How to Perform Common Redshift tasks in PAD

Modified on Tue, 6 Aug, 2024 at 3:00 PM

Many of our users - including some of our staff! - make the switch from Redshift to BigQuery when they start using PAD (see here for a broader overview of why we use BigQuery at CTA).

For the most part, users will find Redshift and BigQuery to be very similar and Redshift users should expect to achieve fluency in PAD quickly as the SQL syntax itself doesn’t change much between the two. However, there are a few key areas where structure or syntax is slightly different, and there are also several tasks you can do in BigQuery natively that you cannot do as easily in Redshift. These differences are outlined below.

Structure:

I want to see the columns of a table. Should I just run a "select *" statement as I would do in Redshift?

We strongly recommend against running “select *” statements in BigQuery. Unlike Redshift, which charges by rows, BigQuery charges by the number of columns returned. This means that if you select * a table with a lot of columns, it can end up pretty expensive – even when using a limit statement. Instead, you can click on a table in the sidebar drop-down on the left-hand side in BigQuery and then select ‘Schema’ in the window on the right-hand side to see table columns.

Screenshot_2023-03-15_at_11.55.47_AM.png

What is the difference between projects, datasets, and tables? Where are schemas?

Projects in BigQuery are the equivalent of a Redshift database. Datasets are the equivalent of Redshift schemas, and tables in BigQuery are the equivalent of Redshift tables. You can easily switch between projects if you need to by using the selector in the top left corner of PAD.

Do I need to download a SQL GUI to utilize BigQuery, as I would for Redshift?

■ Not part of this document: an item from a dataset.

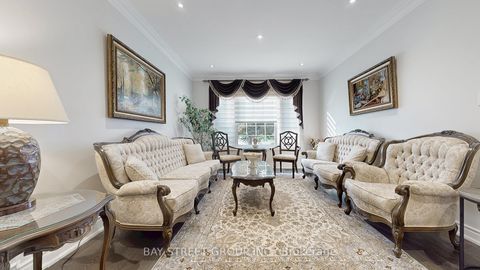 Photo 3 at 57 Whitburn Crescent, Maple, Vaughan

No, PAD has a built-in SQL editor - just navigate to PAD and select ‘query’ in the menu to access it.

Why can’t I run a grant query? How do I give people permission to see tables?

In BigQuery, all permissions are handled via Google Groups at the dataset level. PAD has four access levels available: administrator, editor, viewer, and contributor. Folks with the administration access level can create, edit, and delete datasets in your partner project; folks with the editor access level can create and edit datasets but cannot delete; folks with the viewer access level can only query datasets; and folks with the contributor access level can query and create datasets, but won’t necessarily be able to see everything within a dataset unless explicitly granted. In practice, this means if you create a table in a dataset, you don’t need to do anything about the permissions; anyone with access to that dataset will automatically have access to the table. If you need to change your account level or get access to another dataset, reach out to CTA at help@techallies.org or to your organization's admin..

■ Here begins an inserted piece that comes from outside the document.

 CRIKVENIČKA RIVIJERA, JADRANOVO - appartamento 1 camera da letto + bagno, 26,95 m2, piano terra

How can I know when a table was refreshed?

The table details in BigQuery contain this information; click on a table and then select ‘Details’ to see the last-modified date. Note that this doesn’t necessarily reflect new data, just that a table refresh job ran.

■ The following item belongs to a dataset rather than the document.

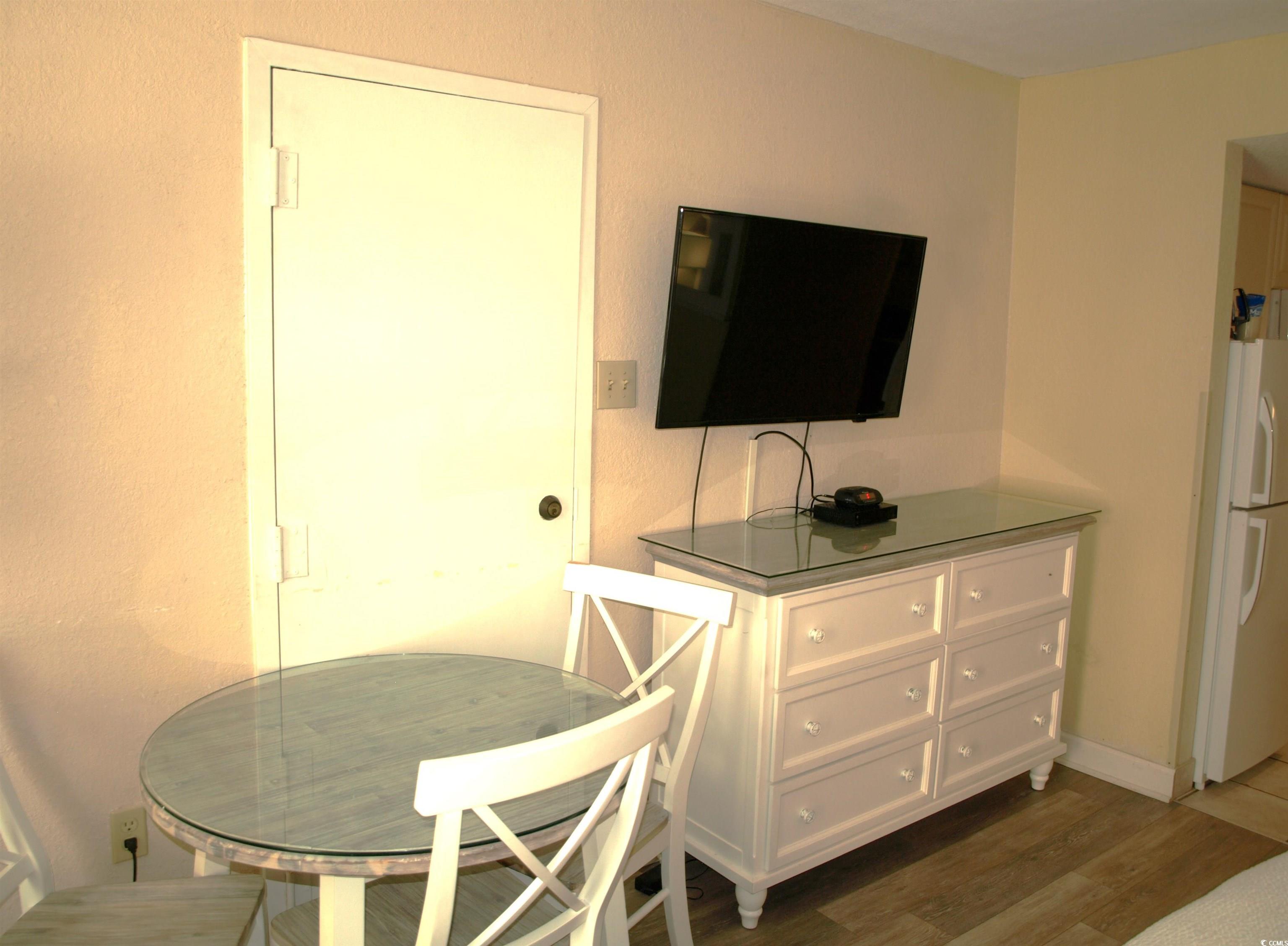 7000 Ocean Blvd. N Property Photo 10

Screenshot_2023-03-15_at_11.57.22_AM.png

Syntax:

How do I reference a table in BigQuery?

When writing a query in BigQuery, you'll referenc full project/dataset/table name combo, and put it between 'backtick' quotation marks - ` `. You can copy this ID from the Details tab when you navigate to a table or have it show up in the Query editor automatically when you click select query next to the table name.

Extras!

Starring datasets/projects

If you frequently use multiple datasets or projects, you can pin them so they always appear in the sidebar when you load the BigQuery UI. To pin, navigate to the project or dataset in the side console and click the star icon next to it. You can read more about finding and starring datasets and projects here.

How do I get data out of BigQuery?

BigQuery has a built-in feature to export data - after you run a query, just select ‘Save Results’ and choose how you want to export the data.

Screenshot_2023-03-15_at_12.01.18_PM.png

You can also export data using more advanced features available with Google Sheets, such as Connected Sheets - see here for more information.

What if I want to query across multiple projects?

You can! Just make sure the project name is included in your FROM statement, and that you have access to both tables, you’re attempting to query.

How can I save and/or schedule queries?

BigQuery allows you to both save and schedule queries. Saving queries means you can keep track of queries you use a lot and save them for both yourself and other folks in the dataset, and Scheduling queries allows you to set a query to run at a certain time repeatedly, which is helpful if you need to refresh tables. For a detailed walkthrough of scheduling and saving queries, check out our help article here.

What if I want to build visualizations with my data?

PAD also includes Looker Studio, which is Google’s data visualization platform (formerly known as Google Data Studio). It is free to use and share visuals from, with the exception of the BigQuery costs associated with pulling your data into Looker Studio. See here for some additional tips and tricks on using Looker Studio.

You can also connect to other data visualization programs with BigQuery data; processes will vary.